Tuesday, December 9, 2014

I Will Not have a Happy Holiday this Year

I Will Not have a Happy Holiday this Year

I know that there are people out there in a faith community who are not Christian and are trudging through the Christmas season being sensitive about being wished a Merry Christmas.  There are also some Christian denominations that do not celebrate Christmas at all.  And then of course, there are those who do not believe in a higher power.  There are also Christian denominations that tend to believe anything that they want and have joined the political correctness bandwagon.

I am none of the above.

More than four decades ago I wrote an essay as a freshman college student about the death of Christmas.  I suppose if I looked hard enough I could find it.  I mention this only because the death of Christmas was evident back then even to a college freshman student.  Otherwise I would claim that my essay was prophetic.

In the past few years I have grown increasingly intolerant of having happy holidays thrust upon me.  Oh, I can understand why store clerks and those who don’t know who I am being a little leery of wishing everybody a Merry Christmas, but on the other hand it has been Christmas for so many years.  And, please don’t feed me the line about Christmas being a pagan holiday hijacked by Christians.  (Or, is it Easter?  Is it both?)  If you want to celebrate a pagan holiday, please feel free to do so.  In the meantime, Christmas happens to be a Christian holiday and has been since the fourth century A.D. and is celebrated by billions of people around the world.  Granted, Christmas wasn’t quite as commercial as it is today.  O.K., it wasn’t even close to being as commercial as it is today.  The point is that Christmas has been around for a very long, long time.  And yes, I realize that the actual birth of Christ took place in the spring, but I celebrate Christmas with the rest of the world on December 25 each and every year.  Regardless, Christmas was declared a federal holiday in 1885.  Of course, at the rate we are going I wouldn’t be surprised if Congress would deholidayize it.  (No, it is not a real word.  I just made it up.  It is called “wordsmithing”.)

My intolerance of everybody else’s intolerance came to a boiling point a few years ago.  Ever since then when somebody wishes me a Happy Holiday I respond with “Merry Christmas” instead of some other greeting. 

Christmas parties at work were part of the social practice for many, many years.  When I accepted a new position at work I also accepted the privilege of bankrolling the annual Christmas party as a means of showing my appreciation for the work that everybody was doing.  It should not surprise you to know that it took a substantial lump out of my billfold.  Then one foggy Christmas Eve….  No, wait!  That isn’t quite right.  Then one year as we prepared for the annual Christmas party a subordinate supervisor objected to calling it a “Christmas” party.  A rather lengthy discussion took place and then an ultimatum was delivered to me by the supervisor.  “If it is a Christmas party then I will not go.”

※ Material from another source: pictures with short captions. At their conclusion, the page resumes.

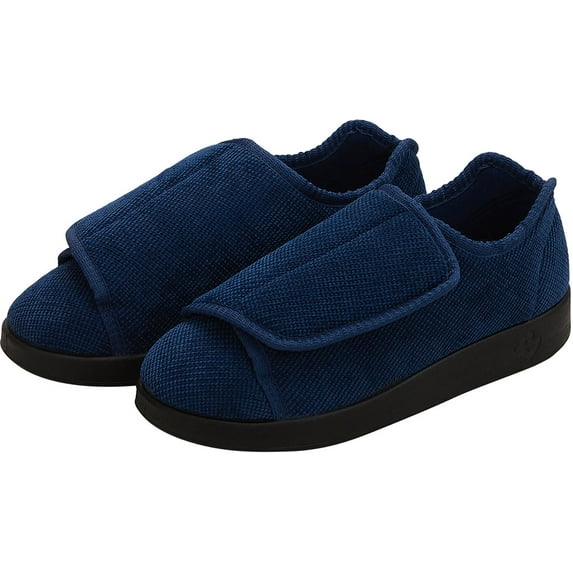 Women’s Double-Extra Wide Easy Closure Slipper for Seniors, 6, Navy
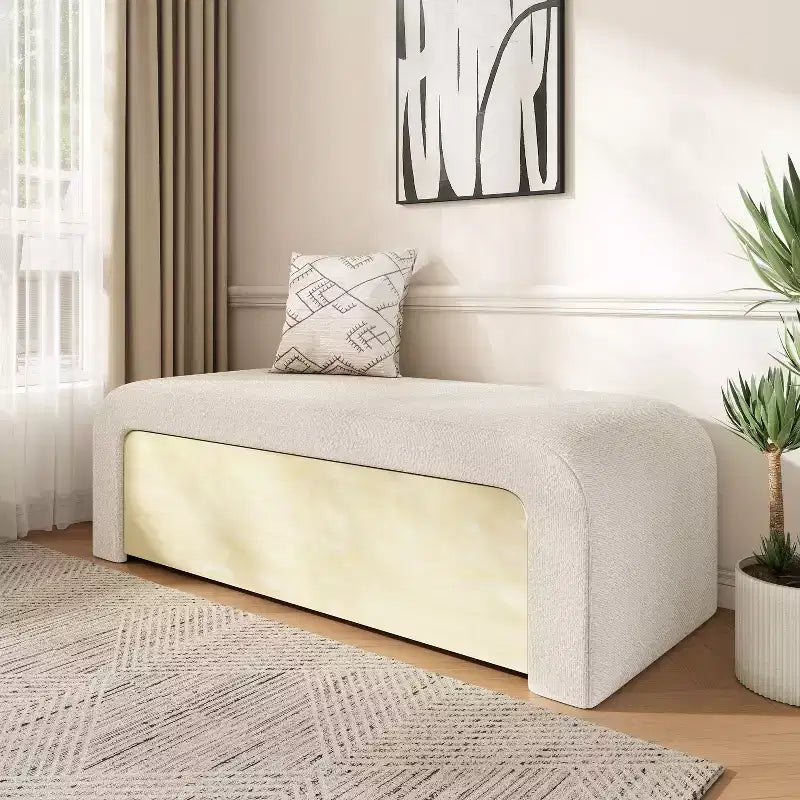 Banc pouf incurvé élégant avec tiroir, banc de rangement bouclette moelleux pour pied de lit, capacité 136 kg, marron clair/blanc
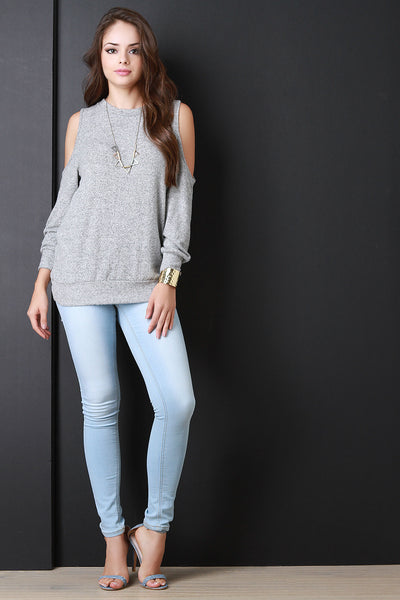 Marled Knit Cold Shoulder Sweater Top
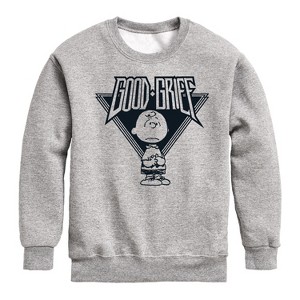 Boys' - Peanuts - Good Grief Rock Graphic Long Sleeve Fleece Sweatshirt - 1 of 4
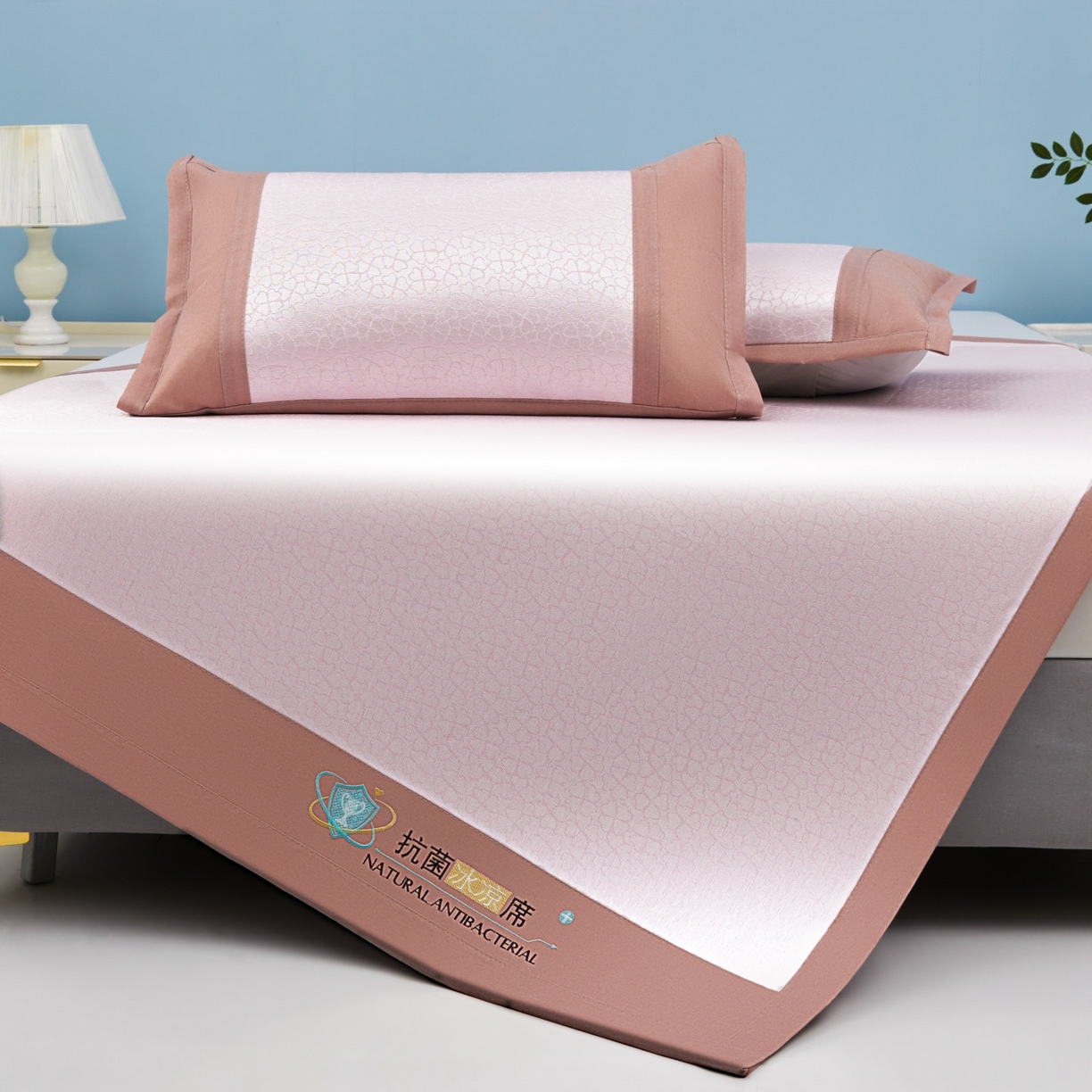 91家纺网 家纺一手货源 找家纺 航途席业 2026新款抗菌提花冰丝席-心相依 心相依-粉床席款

I found an excuse to be busy on the day and time of the “holiday” party—the one that I funded.

Was I being childish?  Perhaps I was although I didn’t take my ball and go home.  I just went home.  Well, actually I went to another office and caught up on some other work.

Retirees are invited to the annual “holiday” party and I went the first year after I retired hoping to spend time with people that I had come to love and appreciate.  It just did not feel right.  I didn’t go the next year and I will not go this year—or next year.  I have drawn a bright line that I do not intend to cross.  “Bah, Humbug!” you say?  I wonder how Jacob Marley would respond.

Will I go to any “holiday” parties?  Sure I will, that is if I am invited.  At least I’ll go to holiday parties that are not built around Christmas.  Of course the only other holiday party that takes place this time of year would be a New Year’s Eve party.  But then, people call them New Year’s Eve parties and not holiday parties.  And, I don’t stay up to midnight anymore anyway.  (The Chinese should object to calling the parties that take place on December 31st as New Year’s Eve parties.)

Will I be offended if you send me a holiday greeting card?  No.  It is getting increasingly difficult to find greeting cards that say Merry Christmas.  Not only that but if you want to have a holiday instead of Christmas then have at it.  As for me and my house we will celebrate Christmas.  In fact, we will have a Very Merry Christmas.  I hope you do, too.